In un’epoca segnata dal cambiamento climatico e da eventi meteorologici sempre più estremi, il modello Puglia-Università di Bari si pone come un esempio di buone pratiche da esportare su scala nazionale ed internazionale. È questo il senso della consolidata collaborazione tra il Dipartimento Protezione Civile della Regione Puglia e l’Università degli Studi di Bari “Aldo Moro” (attraverso il DISSPA), che sta trasformando il Bosco Difesa Grande di Gravina in un laboratorio a cielo aperto per la resilienza ambientale.

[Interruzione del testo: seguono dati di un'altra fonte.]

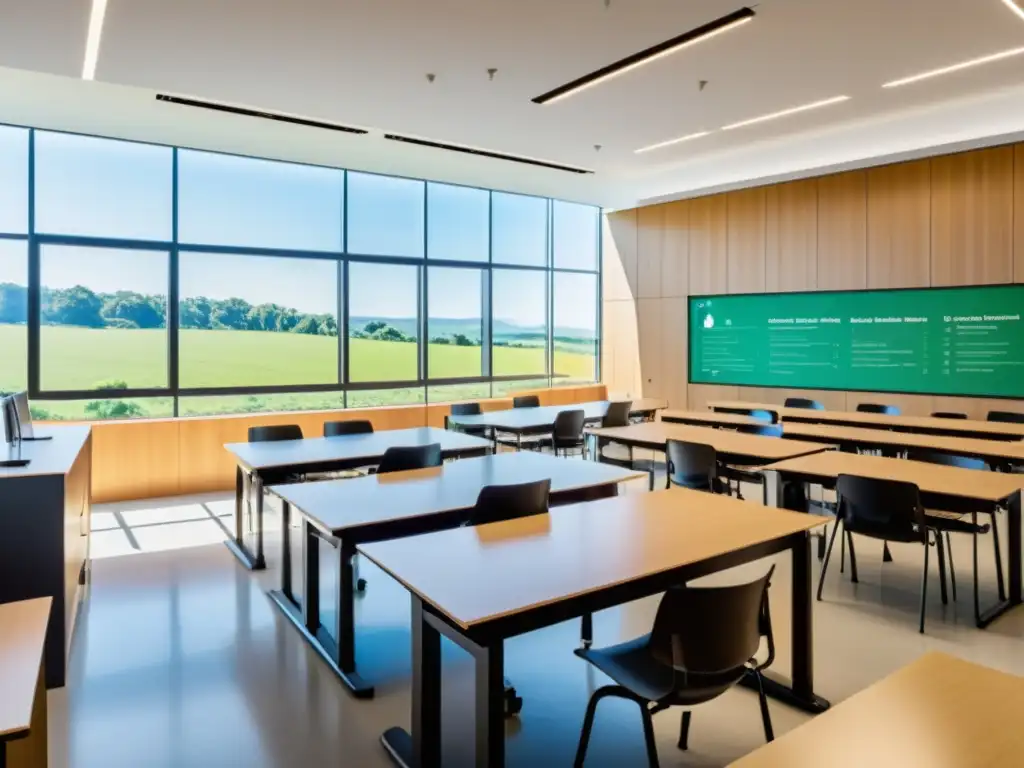 Salón de clases moderno con integración de energías renovables en el currículo escolar, iluminado por luz natural y con mobiliario colaborativo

Due le tecniche protagoniste dell’intervento: la Viminata, ovvero un intreccio di verghe di legno e paletti verticali e la Graticciata, una struttura di pali orizzontali e sostegni verticali. Entrambe le opere sono state posizionate perpendicolarmente alle linee di pendenza. Il loro compito? Frenare la forza dell’acqua, trattenere il terreno e prevenire il lavamento superficiale che rende fragili i versanti, specialmente dopo il passaggio degli incendi. Il cuore del progetto risiede nell’ingegneria naturalistica: una disciplina che sostituisce il cemento con il legno e le piante vive. Grazie ai fondi del progetto di cooperazione transfrontaliera Interreg Resilience (che unisce Italia, Albania e Montenegro).